ID :
187445
Thu, 06/09/2011 - 12:18
Auther :

S. Korea, Russia move to find cause of failed rocket launch


(ATTN: RECAST headline, lead; UPDATES with more details, comments throughout)
SEOUL, June 9 (Yonhap) -- South Korea and Russia plan to set up a joint investigation panel to determine the exact cause of the botched launch of a space rocket last year, the government said Thursday.
The Naro-1 rocket, jointly built by the two countries, was lost shortly after takeoff from a space center on South Korea's south coast in June last year. The two sides have so far made little progress in pinpointing the cause.
South Korea's Ministry of Education, Science and Technology said the independent panel will be composed of 30 engineers and scientists from the two countries and will likely hold its first meeting before the end of July.
No government officials or representatives from the state-run Korea Aerospace Research Institute (KARI) or Russia's Khrunichev State Research and Production Space Center will sit on the new panel, although Seoul and Moscow pledged full support for the investigation process, the ministry said.
"Experts who were not involved in the building of the Naro-1 and its launch are expected to help the two countries overcome the current deadlock of trying to determine what went wrong," a ministry official said.
In the past, four rounds of official meetings by the Failure Review Board made little headway as experts from KARI and Khrunichev disagreed on the cause.
"Because these experts (on the new joint investigation panel) can see things objectively, progress may be made to discover the problem so it can be fixed," said the official, who declined to be identified. "No deadlines have been set for the new panel to reach a verdict since they have to check all the available data."
He added that regardless of which side is most at fault, Russia has already agreed to provide another first-stage rocket without extra costs, with the blastoff expected for 2012. South Korea has spent over 500 billion won (US$465 million) since 2002 on the Naro-1, also known as the Korea Space Launch Vehicle-1 project.

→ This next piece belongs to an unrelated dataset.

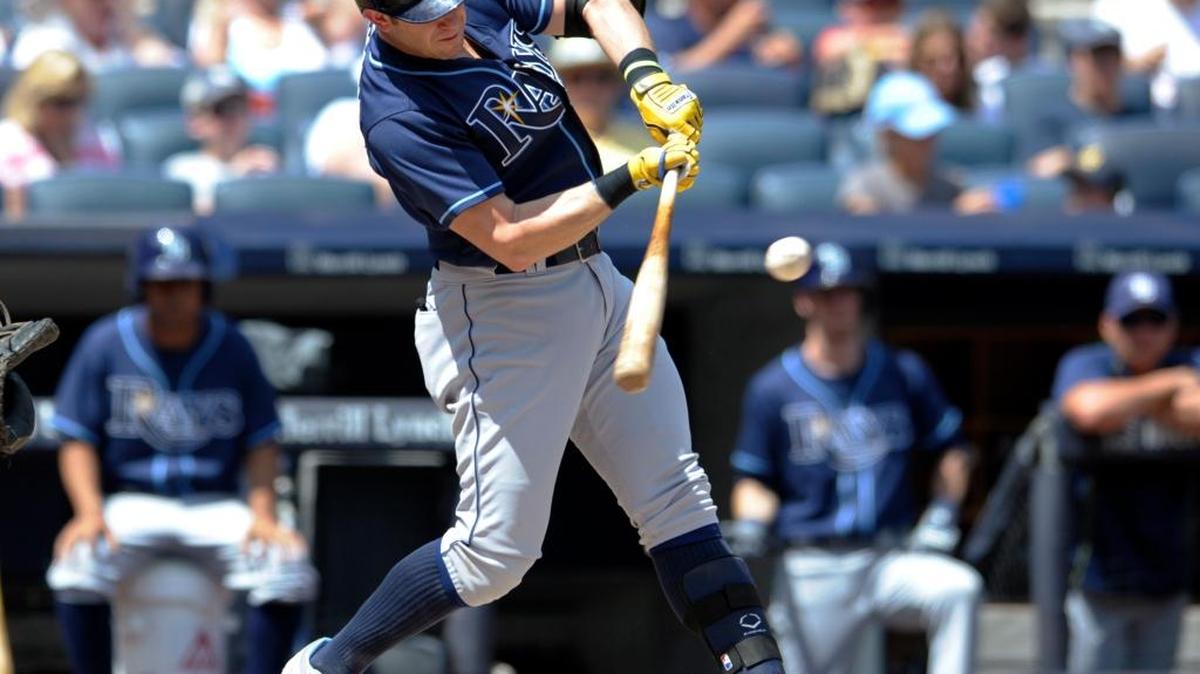 Tampa Bay’s Evan Longoria hits an RBI double during the first inning Sunday against the New York Yankees. Longoria finished with three hits.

Because Seoul had no experience in building and launching space rockets, it received extensive support from Russia.
Meanwhile, a local team of 17 rocket experts, who have been trying to discover the reason behind Naro-1's loss, said they have come up with three likely causes for the launch failure.

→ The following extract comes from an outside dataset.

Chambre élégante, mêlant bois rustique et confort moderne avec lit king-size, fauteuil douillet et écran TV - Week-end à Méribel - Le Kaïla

Based on telemetry data, video images and other vital information, the two-stage, 140-ton Naro-1 rocket experienced a "shock" 136.3 seconds after blastoff, followed by an internal explosion one second later, which caused all contact to be lost, the team said.
There is a chance that the flight termination system in the second solid-fuel rocket was activated by mistake, or a malfunction in the oxidation and compression systems in the first-stage rocket may have brought down the Naro-1, the team said.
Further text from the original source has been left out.